Programs across the spectrum of social services are transitioning to virtual delivery. Public housing authorities have turned to virtual services to continue offering as many services as possible. And administrative waivers for programs like the Supplemental Nutrition Assistance Program have allowed states to conduct interviews over the phone for people looking to access food assistance and to extend certifications for current program participants.

Even before COVID-19, decades of declining funding left state and local governments with limited capacity. And social service delivery agencies are strapped for time, serving current clients and new applicants, many of whom may be accessing benefits for the first time and are likely unfamiliar with assistance programs.

Recognizing these constraints, social service organizations can help low-income families during the pandemic by strengthening their online capacity with an eye toward user experience. Below are three insights, leveraging the principles of behavioral science and human-centered design, into how service providers can ensure people can successfully navigate online platforms.

1. Simplify online platforms

Government programs are complicated.
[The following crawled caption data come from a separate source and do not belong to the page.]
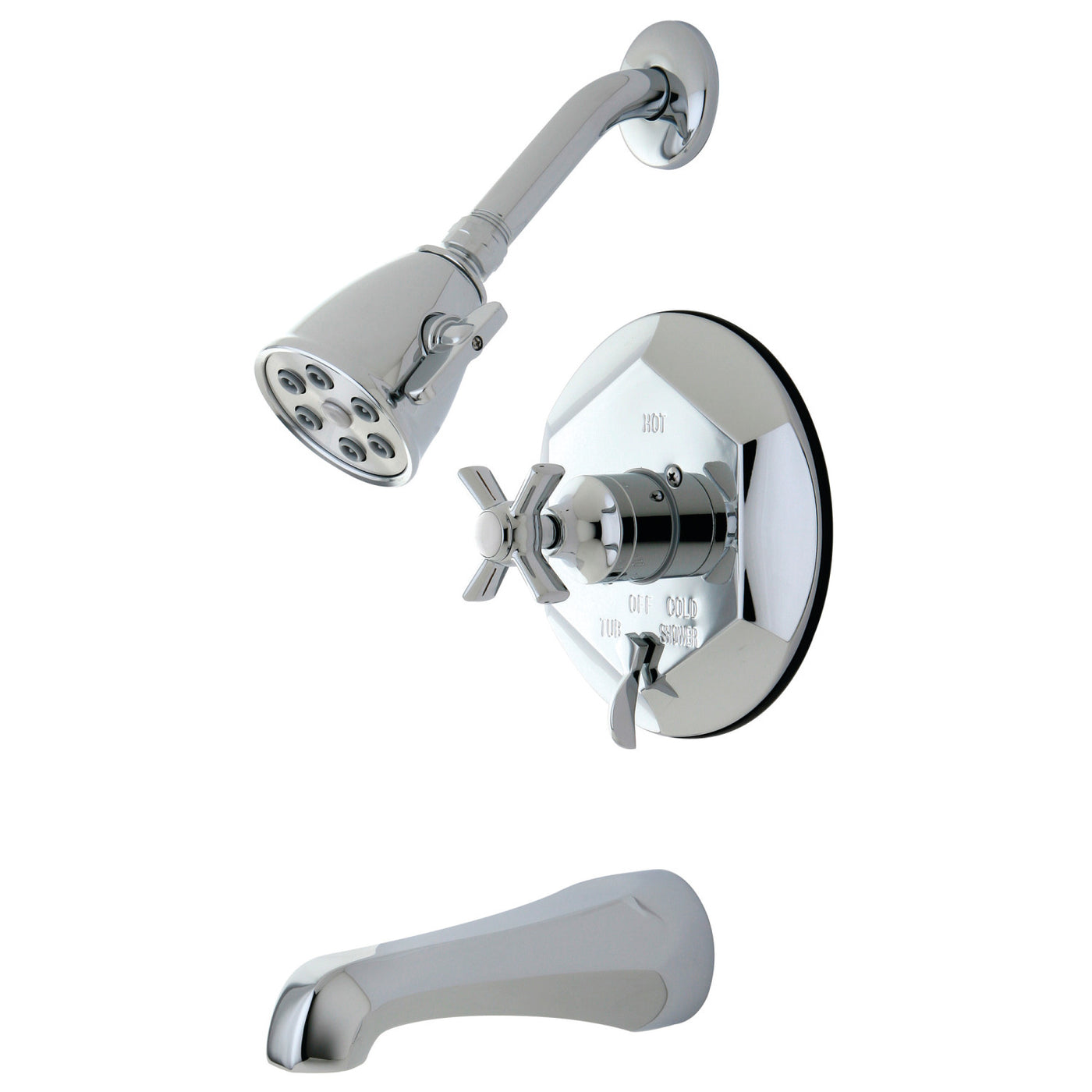 Elements of Design EVB46310ZX Tub and Shower Faucet, Polished Chrome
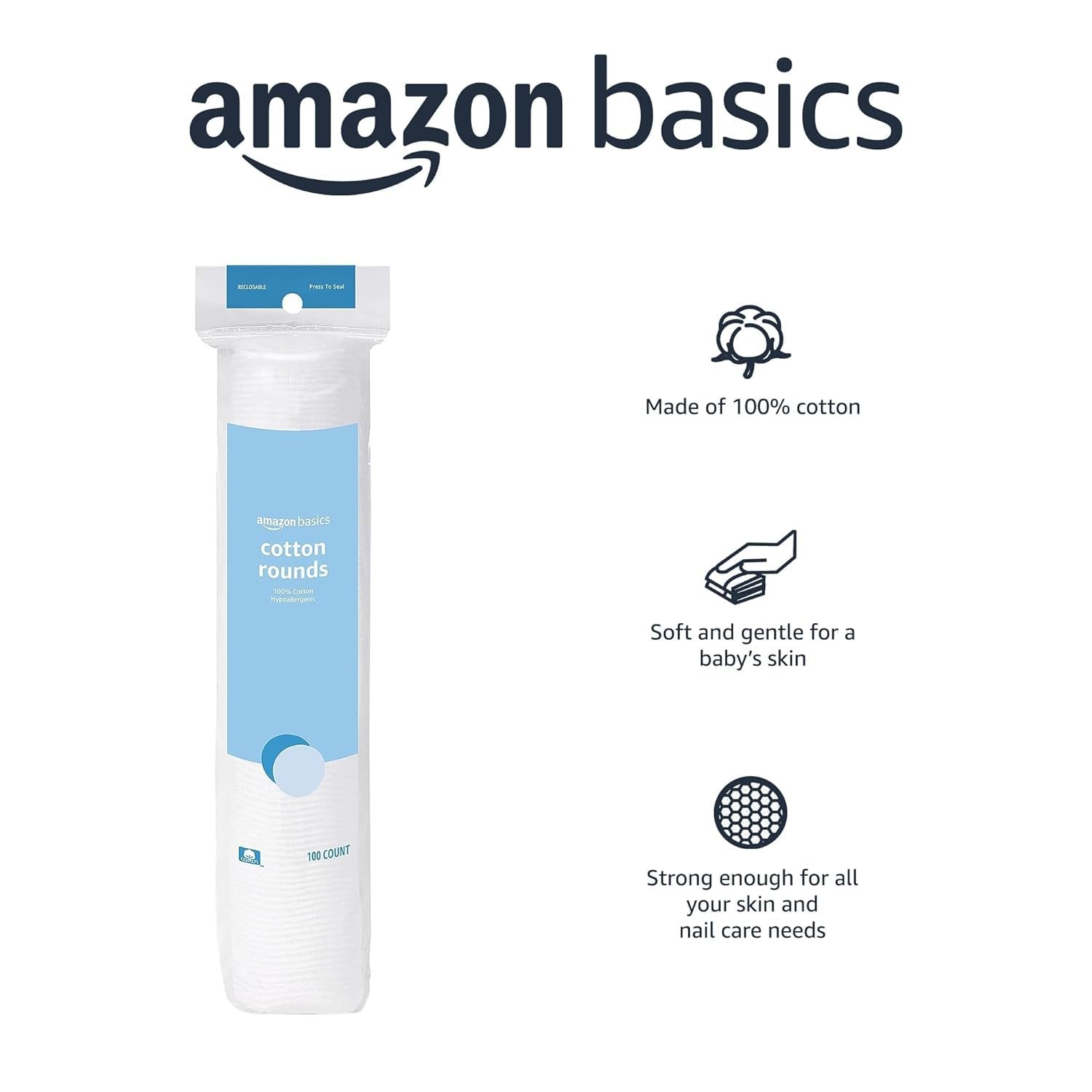 Basics Hypoallergenic Cotton Rounds 100 Count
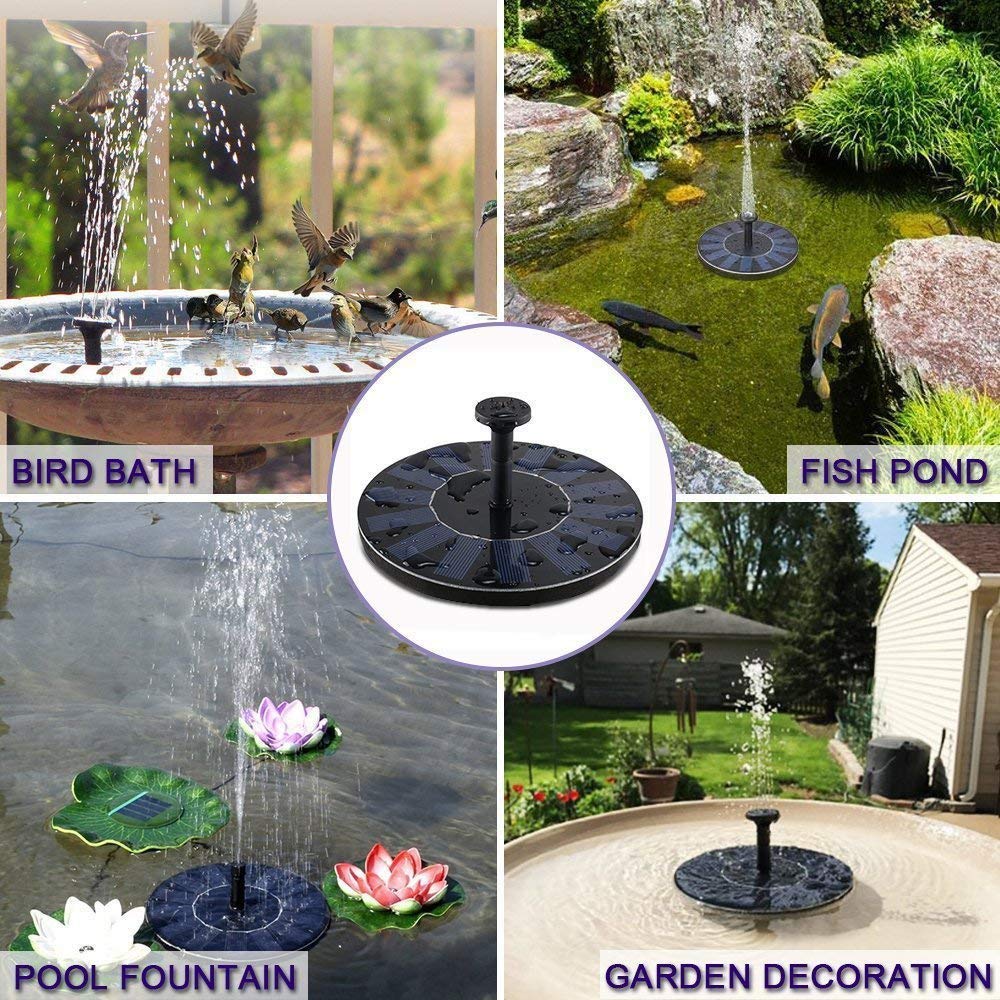 Solar Fountain Pump Mini Solar Powered Bird Bath Fountain Pump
As services become more virtual, online systems should be designed to be as clear as possible so people accessing them understand what they need to do to receive benefits.

Online systems can include visual elements that clarify what documents are needed and when and how to get from step to step. They can group similar questions together. And if they include steps that are particularly difficult to complete, they can provide users with helpful links or direct them to an FAQ page. Agencies can also test their sites for accessibility and to determine which elements to simplify.

2. Remove barriers to success

In behavioral science, choice architecture tells us the way we design decisionmaking contexts strongly influences the choices people make. The ability to think through those choices and make informed decisions becomes strained when people are faced with limited resources and time, a process called cognitive overload. Evidence also suggests the experience of poverty has its own cognitive burden.

Online services can accommodate these challenges by automating steps or removing some steps altogether. Answers to earlier questions can be carried forward when appropriate. Information that may have already been entered, like personal information, doesn’t need to be asked for again. To avoid choice overload—burnout from having to weigh multiple options at once—online systems should also keep the number of options for questions low.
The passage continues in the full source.